BY Sam Thorne in Reviews | 01 SEP 11
Featured in
Issue 141

Hüseyin Bahri Alptekin

SALT Beyoglu

BY Sam Thorne in Reviews | 01 SEP 11

Huseyin Bahri Alptekin 'Capacity', (detail), 2003, Digital prints mounted on forex, dimensions variable.

Platform Garanti Contemporary Art Center closed its doors at the end of 2007. The next phase for this non-profit organization – backed, like many arts institutions in Turkey, by a high-street bank – was a major expansion, filling out its original six-storey building on Istanbul’s main shopping strip, as well as opening a separate home for its extensive archive. The former opened in April, under the name SALT Beyoglu, while the latter, SALT Galata, will house Platform‘s former archive in the former Ottoman Bank Headquarters nearby. Three and a half years is a long time for an organization so instrumental in developing Istanbul’s art scene to be closed, but then its founder, Vasıf Kortun, had big ambitions: in 2009 he said he was envisioning ‘more or less an encyclopaedic institution’. What does this entail? For the most part, a broadening of Platform’s work: exhibitions, conferences, talks and film programmes, with a special emphasis on research, the importance of which is difficult to overstate in the context of Turkey’s chronic lack of public funding. The only discontinued aspect is the international artists’ residency programme, a decision I’d guess was partly due to reduced international funding and partly a reasoned response to there now being more artists based in Istanbul than when Platform opened a decade ago.

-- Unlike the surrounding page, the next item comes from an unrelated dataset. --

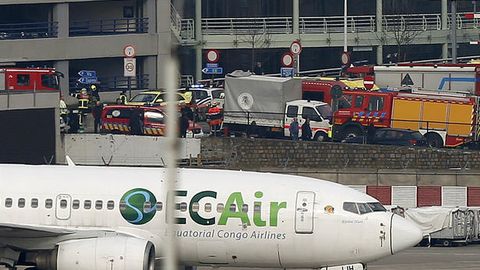 Брюссель аэропортида портламай қолган бомба топилди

‘Salt’ in Turkish means ‘only’, ‘simple’ or, according to the online translator I used, ‘unvarnished’. It’s this latter definition that came closest to the state of SALT Beyoglu when I visited: the wooden gallery walls were left intentionally bare; nothing much was growing in Fritz Haeg’s rooftop greenhouse garden; even the mutating typeface of its new brand identity catches some of the in-progress feel. While the breadth of SALT’s stated ambition is admirable, there are notable mismatches between its declarative rhetoric and a new institution which is still, in practice, only tentatively open: for example, its columned ground-floor space – dubbed the ‘Forum’ – has been left largely empty and open to the street, hoping to broker an easy introduction with a new public. Apart from a cloakroom, some flatscreen displays of programme information and a smattering of benches, the Forum is more no-man’s land than meeting place, and could have been put to better used for exhibitions (or anything else). And for an institution putting so much emphasis on its archive, there is little explicit description of what its archive and library actually comprise at this point, or how they will be presented in the Galata space. While SALT may well have laid the foundations for something encyclopaedic, its form hasn’t yet come into focus.

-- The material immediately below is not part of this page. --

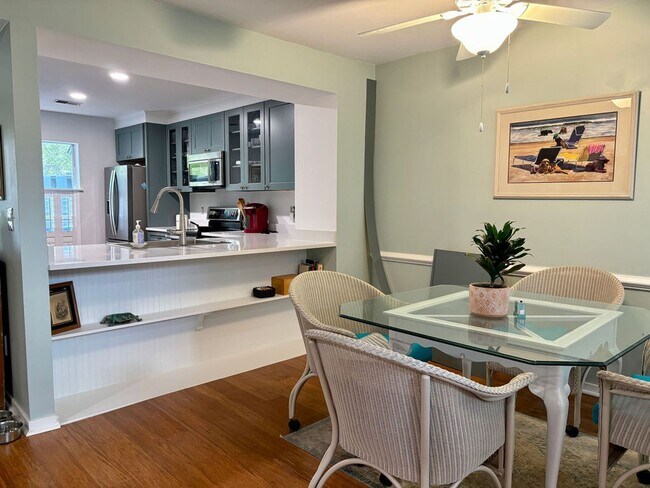 Building Photo - Available 12/16. Beautiful FURNISHED End-Unit Townhome in Central Mt Pleasant!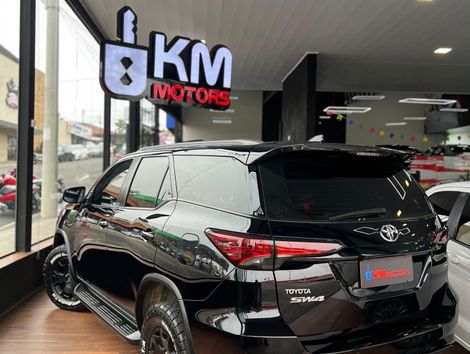 Toyota Hilux SW4 SR 4x2 2.7/ 2.7 Flex 16V Aut.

SALT Beyoglu’s two inaugural shows, both of which were strong, signalled its possible institutional priorities. Organized by Kortun and Duygu Demir, and split over two of its three floors of exhibition space, the main show was the largest survey to date of Hüseyin Bahri Alptekin, who died in his studio at the age of 50 shortly after representing Turkey in the 2007 Venice Biennale. A prolific artist, teacher and writer, Alptekin (whose archive SALT has acquired) was an important figure for many of his young contemporaries. Made together with Michael Morris, his early ‘Heterotopia’ series (1992) – collages and shabby wall-based assemblages of trinkets and clippings from Ankara markets – cemented what was to be a tirelessly collaborative, determinedly nomadic practice. The sense that another place can be gestured to or assembled from the odds and ends of cross-cultural detritus is the fragile hope that brightens Alptekin’s deeply depressive work: as he once told Kortun, his abiding themes were borders and boredom. ‘Capacity’ (2003), for example, is a cluster of photographs of hotel and restaurant signs – Napoli, Dallas, Berlin, Libya, California – never taken in the eponymous city. Life or excitement, here, is always elsewhere.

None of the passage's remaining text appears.